Más allá de cuál haya sido su origen puntual, si es posible establecerlo, lo cierto es que El pescador responde en buena medida a un modo de pensar la escritura como un proceso largo, a la vez que concentrado: ir detrás de una sensación, sensación que a su vez recibimos de otros textos, otros discursos, cualquier eslabón suelto. El eco de una respiración, una mirada, un gesto aparentemente sin sentido. El relato como una revelación egoísta: una epifanía que sólo funciona para quien la escribe.

Me ha tocado leer El pescador un par de veces en público. Aunque puedo decir que funcionó, no estoy seguro de que las reacciones que supo provocar hayan sido las que esperaba. Es un relato melancólico, y la melancolía necesita del reposo y del silencio. Por eso es melancólica la música de Miles Davis, y lo es el ajedrez. Y la pesca.

La melancolía, se entiende, es un sentimiento que contiene sólo en parte a la tristeza, y que toma la nostalgia apenas como su punto de partida. En un bellísimo relato escrito hace tiempo, Tabucchi hablaba –a partir de Pessoa, por supuesto– de la saudade, ese sentimiento que sólo los portugueses conocen porque poseen el término para nombrarlo. Precioso, pero Tabucchi exagera: la melancolía, no la simple nostalgia, se le parece bastante. Y se trata de un estado de ánimo, un estado de la conciencia, ambiguo, oscilante, con frecuencia lúcido, sin duda extremadamente poético.

Esa melancolía se sitúa en los pliegues de la mayor parte de aquello que me interesa, dentro y fuera de la literatura. Es El gran Gatsby, y casi todos los relatos de Cheever; es el cine de Jarmusch, la música de Radiohead, las canciones pero también el modo de hablar y de sonreír de David Bowie. Y esa melancolía está, también, en el toreo, o lo estuvo allá lejos: la gloria y la muerte tan próximas que asustan, ambas.
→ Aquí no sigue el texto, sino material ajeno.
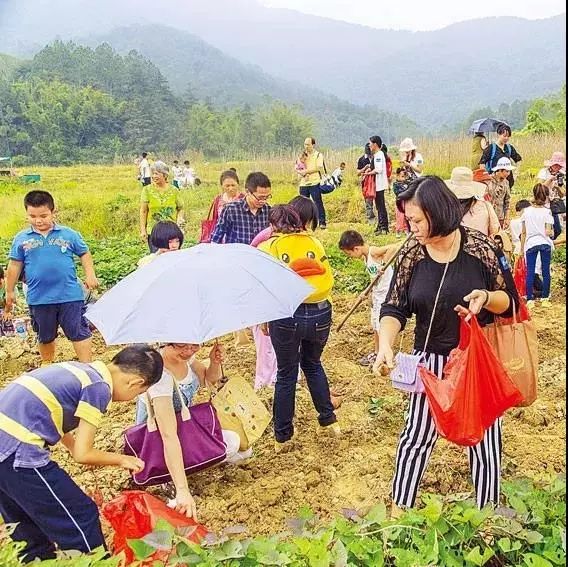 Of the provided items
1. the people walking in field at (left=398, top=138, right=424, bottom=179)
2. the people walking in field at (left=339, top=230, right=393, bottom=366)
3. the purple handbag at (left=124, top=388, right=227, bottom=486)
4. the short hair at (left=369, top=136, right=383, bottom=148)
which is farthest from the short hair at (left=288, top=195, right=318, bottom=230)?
the short hair at (left=369, top=136, right=383, bottom=148)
Y no puedo dejar de pensar que escribí este cuento hace alrededor de tres años, cuando era un padre demasiado reciente. La intensidad de cada momento con mi hija, que por suerte persiste, me arrastraba además hacia un tiempo casi remoto: un cuarto de siglo atrás, cuando murió mi padre. Me preguntaba a cada rato qué hubiese ocurrido entre ellos, de qué manera uno se multiplicaría en el otro. Y eso que no era tristeza ni nostalgia sino melancolía, se convertía en una búsqueda, en la que la literatura es acaso la parte más visible y, sin embargo, la que me resulta más extraña.